В Ренессансе секуляризация происходила за счет того, что религиозный опыт и церковная жизнь переставали играть заметную роль в культуре. Скажем, Св. Писание или творения Отцов Церкви могли приниматься и вызывать восхищение, но это были тексты среди текстов, ни к чему религиозно и церковно особенно не обязывающие. Реформация же вела к обмирщению культуры именно изнутри религиозного опыта. Представить себе пламенеющего верой средневекового католика, который является творцом секулярной культуры, абсолютно невозможно. Даже авторы рыцарских романов или рыцарской лирики, создавая светские произведения, не разрывают связи с Церковью. Они, миряне, пишут о мирских делах, но их позиция не внеположена Церкви. В религиозном и одновременно церковном опыте они черпают высокие смыслы, одушевляющие их творения. Конечно, в рыцарском романе сколько угодно языческих мотивов, но это мотивы, которые автор более или менее успешно пытается сделать совместимыми с церковной доктриной или растворить в христианстве. И потом, нужно учитывать, что секулярна вовсе не всякая внецерковная культура. Фольклорно-языческое творчество средневековой низовой культуры хотя и внецерковно, но, в принципе, не способно быть чем-то равновеликим высокой культуре, множеством нитей связанной с Церковью. Секулярная же культура никакая не низовая, она такая же «высокая», как и церковная, только внутреннее и внешне отделившаяся от нее.
Один из парадоксов Реформации состоит в том, что преодолевая внешнюю или, наоборот, слишком внутреннюю и очеловеченную (в духе св. Екатерины Сиенской) религиозность Позднего Средневековья, отрицая ренессансный религиозный индифферентизм, она развела религию и культуру. Для протестанта религиозный опыт, нашедший внешнее воплощение, — это уже не религия в ее церковных формах, а культура. Скажем, для католика величайший трактат средневекового богословия «Сумма теологий» Фомы Аквинского входит в церковное
предание.

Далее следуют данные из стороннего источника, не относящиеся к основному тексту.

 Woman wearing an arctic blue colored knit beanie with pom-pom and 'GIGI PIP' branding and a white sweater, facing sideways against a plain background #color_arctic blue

Когда же «отец Реформации* Лютер пишет свой полемический трактат «О рабстве воли*, в котором сформулированы ключевые положения лютеранской доктрины, он создает светское произведение с богословской проблематикой. В чем же дело?

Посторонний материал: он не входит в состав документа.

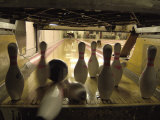 Rear View of Pins Being Struck by a Bowling Ball Photographic Print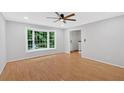 Bright living room with beautiful hardwood floors, ceiling fan, and large windows at 6520 Roswell Rd # 48, Atlanta, GA 30328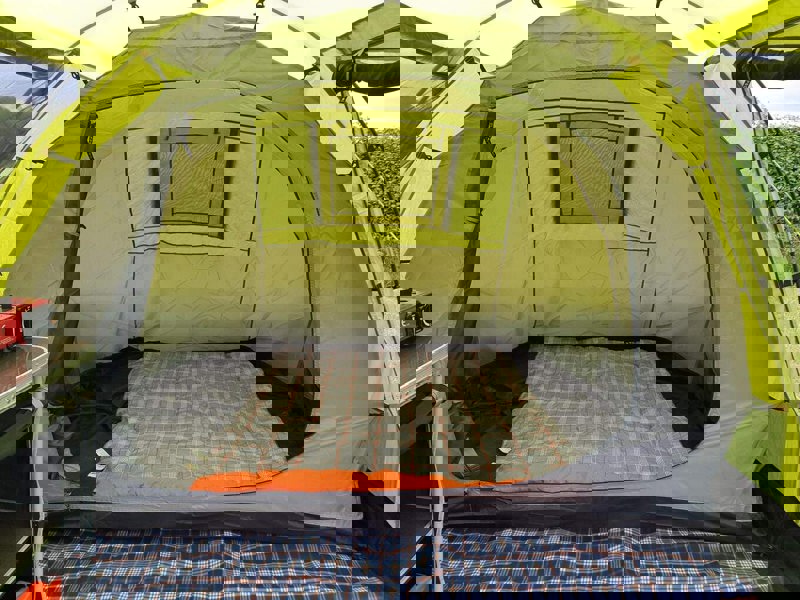 The inside bedroom pod of the Abberley XL 4 Berth Tent by OLPRO with a sleeping bag inside of it.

В частности, в том, что в своем трактате Лютер выражает свой взгляд на предмет, свое понимание одного из коренных вопросов западного христианского богословия, хотя и настаивает на своей «умудренности благодатью Божией». Ведь на такую же умудренность вправе претендовать и его оппонент Эразм Роттердамский. Это претит всему душевному строю Эразма. Между тем в трактовке свободы воли Лютер и Эразм вправе опираться только на свое понимание Священного Писания. С точки зрения Реформации никто им здесь не указ, кроме собственной совести и веры, они и определяют их позиции. Никакого третейского судьи в лице Церкви и ее возможных постановлений нет. А это и значит, что позиция реформатора и протестанта Лютера антропоцентрична и индивидуалистична не в меньшей степени, чем позиция ренессансного гуманиста Эразма, различен только характер их антропоцентризма и гуманизма. Человек ничто перед Богом, его воля рабствует, твердит Лютер, но между человеческим «ничто» и Божеским «все* ничего нет. Человек не только признает свою несущественность, но и оставляет за собой право самому судить о своем Боге. Откровение Божие, по Лютеру, существует как его понимание Священного Писания. Если же каждый вправе в соответствии со своей совестью и верой сам трактовать Священное Писание, его трактовка заведомо будет внецерковной, индивидуальной, т. е. мирской (секулярной). В соответствии с Пико делла Мирандола, человек — то ничто, которое может в результате своих собственных действий стать всем, чем угодно. Поэтому он божествен. В соответствии с Лютером — человек то ничто, которое всецело определяется Богом, действующим в нем. Значит, оно тоже божественно, пускай и на иной лад. Откуда иначе было бы взяться победительному высокомерию Лютера в полемике с Эразмом Роттердамским, если бы он не ощущал в себе «величие и достоинство*. Казалось бы, тому, кто настаивает на рабстве человеческой воли, пристало лишь смирение. Оно совершенно чуждо Лютеру именно потому, что он говорит как бы от лица Бога, оставаясь в то же время собой, Лютером, не умаляясь перед Божественным глаголом, а значит, оставаясь вполне мирским человеком.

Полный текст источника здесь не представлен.